- [Required action] Every line from the one with "Carhartt Wip Green Prescott Nylon Backpack" up to and including the one with "Podna lampa ROBBY" is to be output exactly as it appears below; pictures are not.

- [Supplied records]
:::
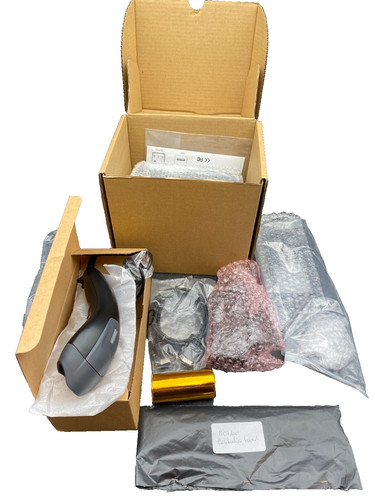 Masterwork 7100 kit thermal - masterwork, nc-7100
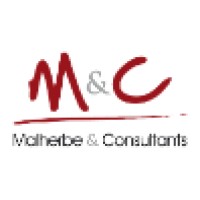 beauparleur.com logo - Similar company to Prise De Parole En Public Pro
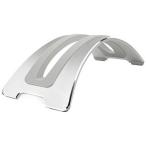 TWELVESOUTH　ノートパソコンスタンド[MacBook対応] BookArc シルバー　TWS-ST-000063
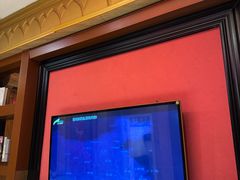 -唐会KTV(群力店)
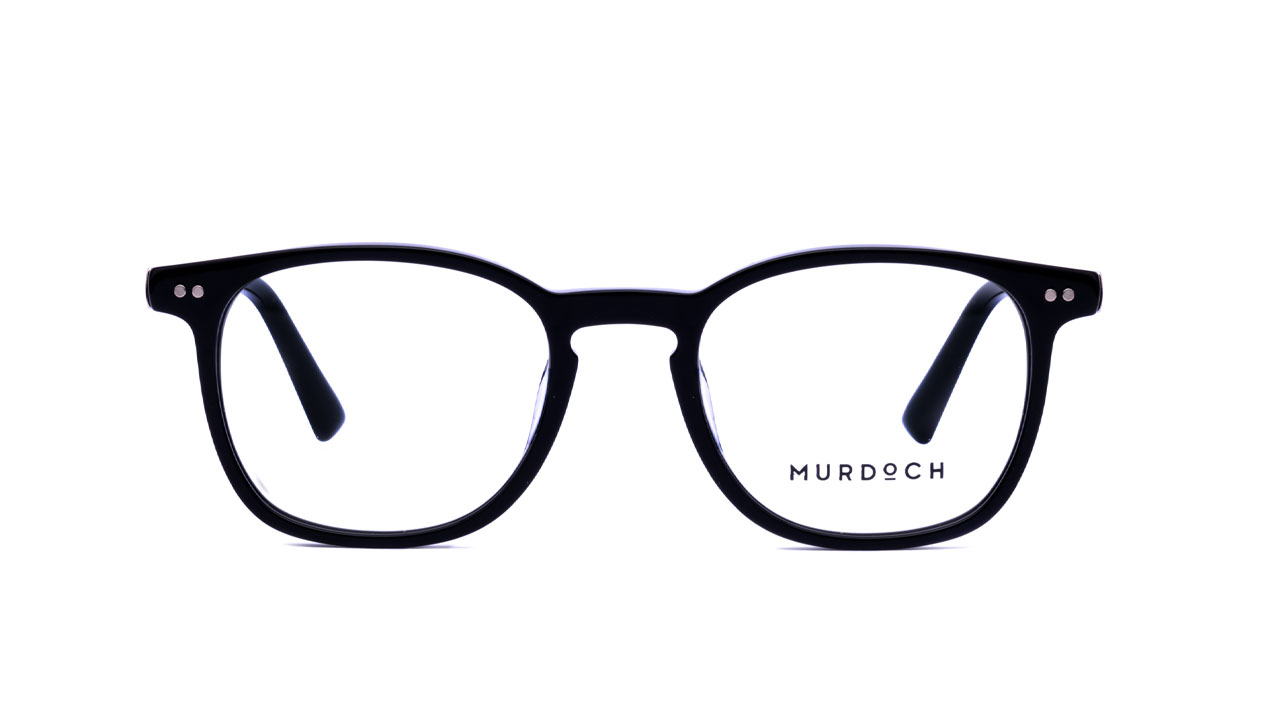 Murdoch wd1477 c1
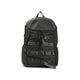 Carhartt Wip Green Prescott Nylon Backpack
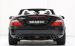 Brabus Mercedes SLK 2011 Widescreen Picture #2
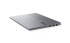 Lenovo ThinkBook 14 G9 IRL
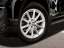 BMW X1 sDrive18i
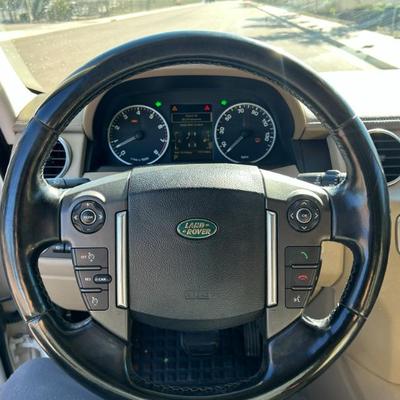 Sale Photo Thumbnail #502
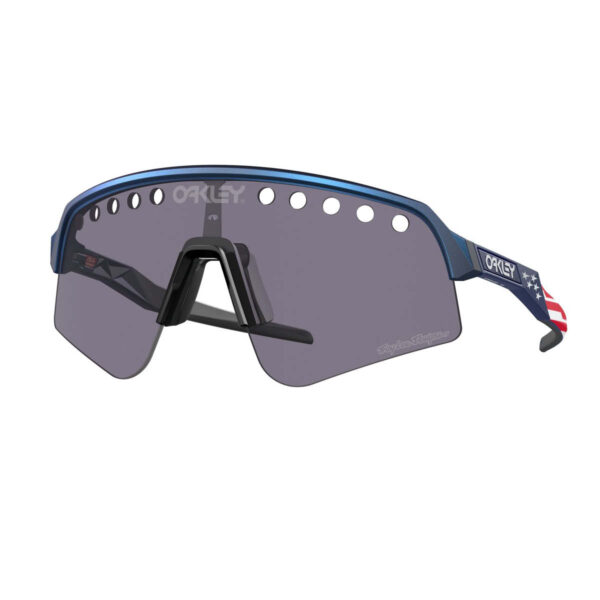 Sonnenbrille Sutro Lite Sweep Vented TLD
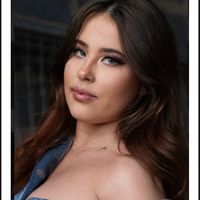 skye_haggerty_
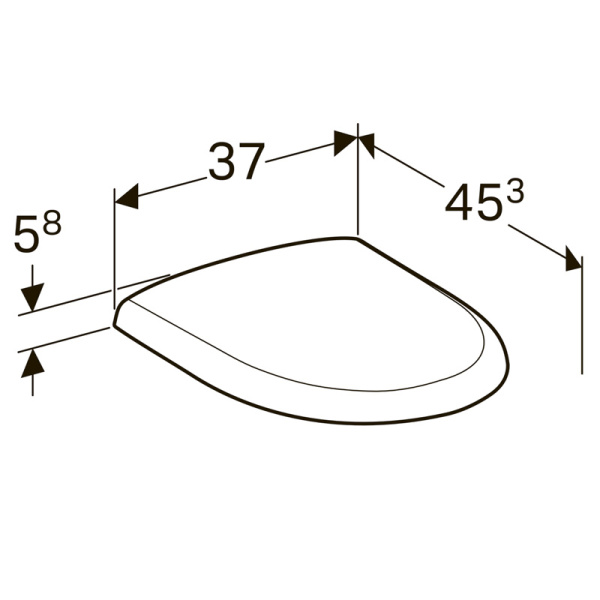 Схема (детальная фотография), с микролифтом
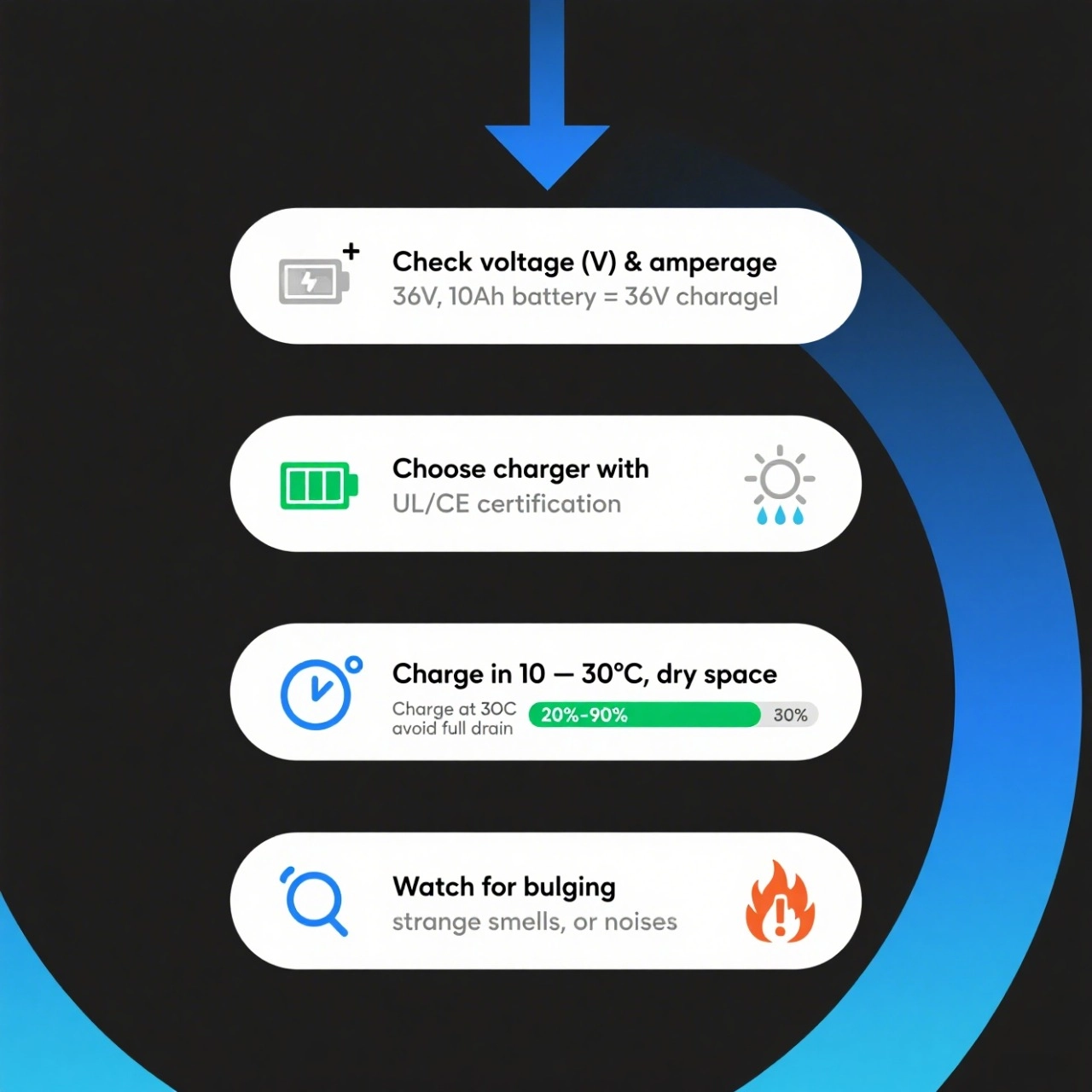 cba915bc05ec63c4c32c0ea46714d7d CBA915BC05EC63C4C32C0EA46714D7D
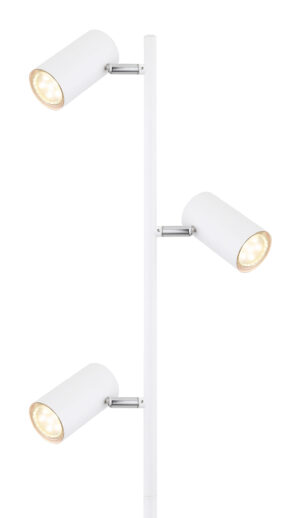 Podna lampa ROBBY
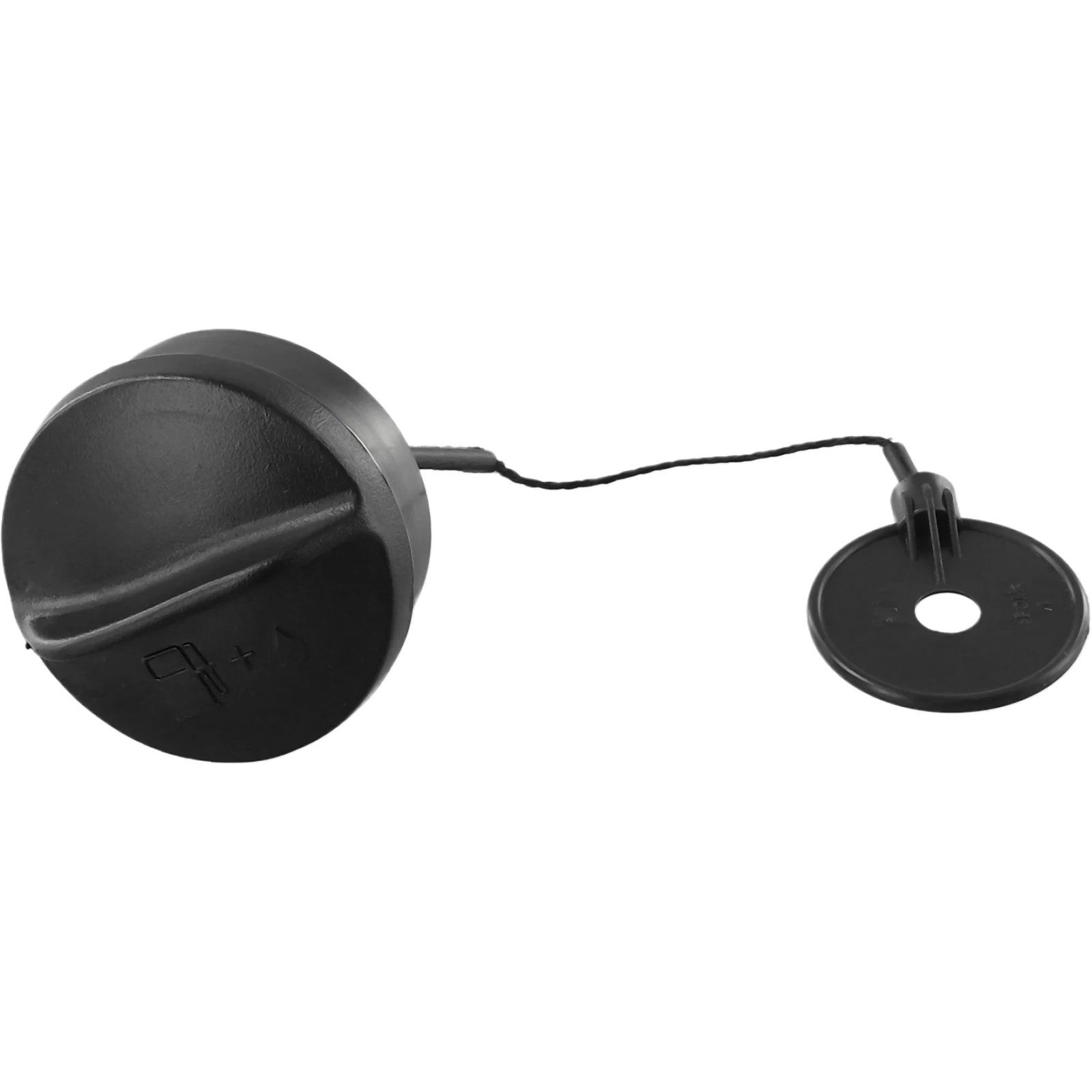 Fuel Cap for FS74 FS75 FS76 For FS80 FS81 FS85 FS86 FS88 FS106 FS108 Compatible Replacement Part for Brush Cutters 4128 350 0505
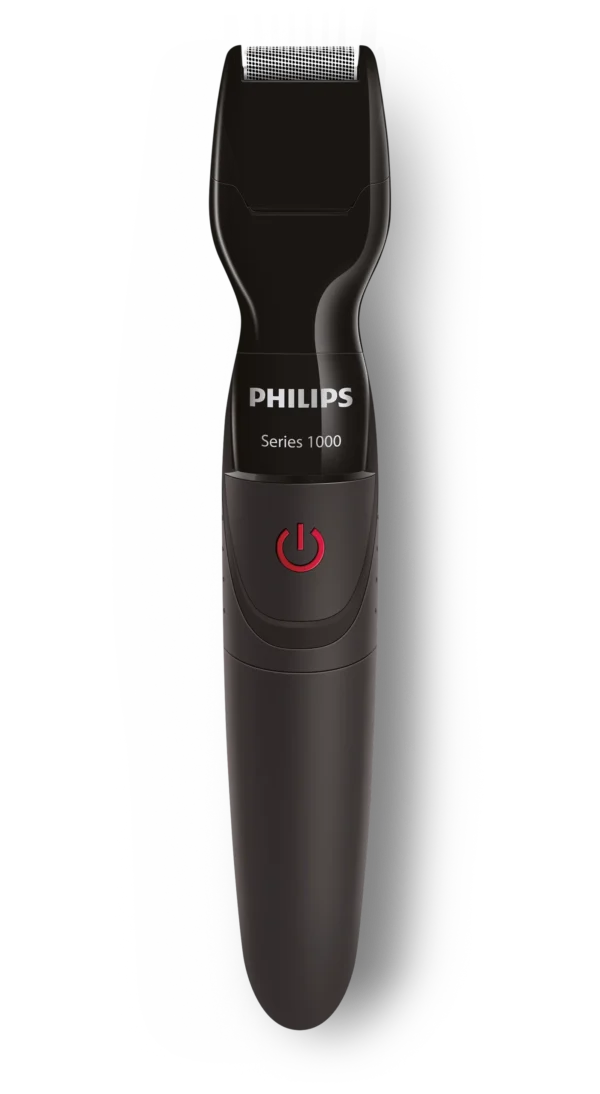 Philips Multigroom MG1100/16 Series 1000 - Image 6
:::
- [Worked solution]
 Carhartt Wip Green Prescott Nylon Backpack
 Brabus Mercedes SLK 2011 Widescreen Picture #2
 Lenovo ThinkBook 14 G9 IRL
 BMW X1 sDrive18i
 Sale Photo Thumbnail #502
 Sonnenbrille Sutro Lite Sweep Vented TLD
 skye_haggerty_
 Схема (детальная фотография), с микролифтом
 cba915bc05ec63c4c32c0ea46714d7d CBA915BC05EC63C4C32C0EA46714D7D
 Podna lampa ROBBY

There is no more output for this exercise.